Eni was not the only company to renegotiate long-term gas contracts in 2016 -- Engie and RWE were among those to rework their Gazprom supply contracts to "de-risk" their Russian gas purchases.
Russian gas supplies to Europe are expected to be strong again in the first months of 2017 as buyers look to max out their take-or-pay volumes ahead of a likely rise in oil-indexed contracts, especially in southern Europe, following the recent oil price rally stemming from OPEC's decision to cut production from the start of January.
Oil indexation does seem to be losing its influence in long-term contracts -- even in southern Europe -- but the oil price still matters.
The head of Gazprom Export, Elena Burmistrova, said in May that hub pricing was not a "panacea" for the gas industry and the ideal way to price gas in Europe was still a regime based on oil indexation with only elements of hub pricing.

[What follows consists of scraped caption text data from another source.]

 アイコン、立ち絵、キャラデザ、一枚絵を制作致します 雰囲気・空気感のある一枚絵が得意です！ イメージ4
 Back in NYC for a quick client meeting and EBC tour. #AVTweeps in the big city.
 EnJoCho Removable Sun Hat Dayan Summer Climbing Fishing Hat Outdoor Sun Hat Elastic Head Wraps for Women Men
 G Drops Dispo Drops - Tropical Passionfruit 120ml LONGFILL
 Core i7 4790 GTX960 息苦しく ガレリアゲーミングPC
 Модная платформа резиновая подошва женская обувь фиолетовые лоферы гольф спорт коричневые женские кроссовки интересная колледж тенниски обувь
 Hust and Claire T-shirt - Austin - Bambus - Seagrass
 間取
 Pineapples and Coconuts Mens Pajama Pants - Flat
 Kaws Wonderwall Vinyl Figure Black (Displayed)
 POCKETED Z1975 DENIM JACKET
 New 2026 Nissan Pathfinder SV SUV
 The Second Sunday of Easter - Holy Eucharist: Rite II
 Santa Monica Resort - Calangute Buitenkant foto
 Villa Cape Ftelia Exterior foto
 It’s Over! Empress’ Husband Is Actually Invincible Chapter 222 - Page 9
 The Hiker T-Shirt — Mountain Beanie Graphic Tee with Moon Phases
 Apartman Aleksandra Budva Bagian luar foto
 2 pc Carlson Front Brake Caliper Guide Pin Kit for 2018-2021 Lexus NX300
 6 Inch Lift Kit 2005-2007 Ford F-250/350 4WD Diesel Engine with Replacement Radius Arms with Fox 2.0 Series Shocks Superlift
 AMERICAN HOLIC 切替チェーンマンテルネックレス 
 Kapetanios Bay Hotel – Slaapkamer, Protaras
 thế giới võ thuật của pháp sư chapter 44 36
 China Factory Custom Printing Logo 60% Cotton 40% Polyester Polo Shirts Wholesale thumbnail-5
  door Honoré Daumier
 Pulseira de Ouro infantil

But given that global oil prices are currently in contango, oil-linked gas prices become more expensive further down the curve in 2017.
Gazprom has also said it is not "dumping" gas in Europe and the entire boom in supplies is due to buyer-led nominating behavior to meet demand.
Russia has said it expects to export in 2017 similar volumes to Europe as in 2016, while the European Commission decision in October to allow Gazprom more access to the OPAL gas link in Germany could mean increased flows of Russian gas.
It is not yet clear whether Gazprom will choose to divert flows to Nord Stream and OPAL away from the Ukrainian route, or use the extra OPAL capacity to flow more gas.
Whichever way it falls, the key is that OPAL is a cheaper option for Gazprom than Ukraine.
Tensions between Moscow and Kiev remain heightened, with the anticipated result of the multiple arbitration cases between Gazprom and Naftogaz in March an added pressure.
The state of relations between Russia and Ukraine is always a matter of concern for European gas buyers.
Disruption to flows via Ukraine -- as always -- cannot be entirely ruled out especially in an extreme cold winter scenario.
Norway, meanwhile, is forecasting gas output at 107.3 Bcm in 2017 while the UK has been buoyed by the startup of three new fields in 2016 -- Laggan-Tormore, Alder and Cygnus.
Algeria too expects to bring on a number of new gas fields in 2017, including the major Engie-operated Touat field.
Closer to home, the Groningen field quota has been reduced to 24 Bcm from 27 Bcm for Gas Year 16, although a number of appeals are being heard currently that could see the quota fall further.
The drop in Dutch gas production is a worry for European gas supply security, with increased dependence on imports the result.
Also in the Netherlands, the expiry of long-term capacity contracts for the BBL pipeline to the UK has shifted European gas market dynamics significantly.
The TTF/NBP spread and whether it goes above full-cycle BBL costs (including entry-exit) could become a new key pricing point.
Current geographical spreads are so poor there is no incentive to move gas given the high cost of pipeline capacity.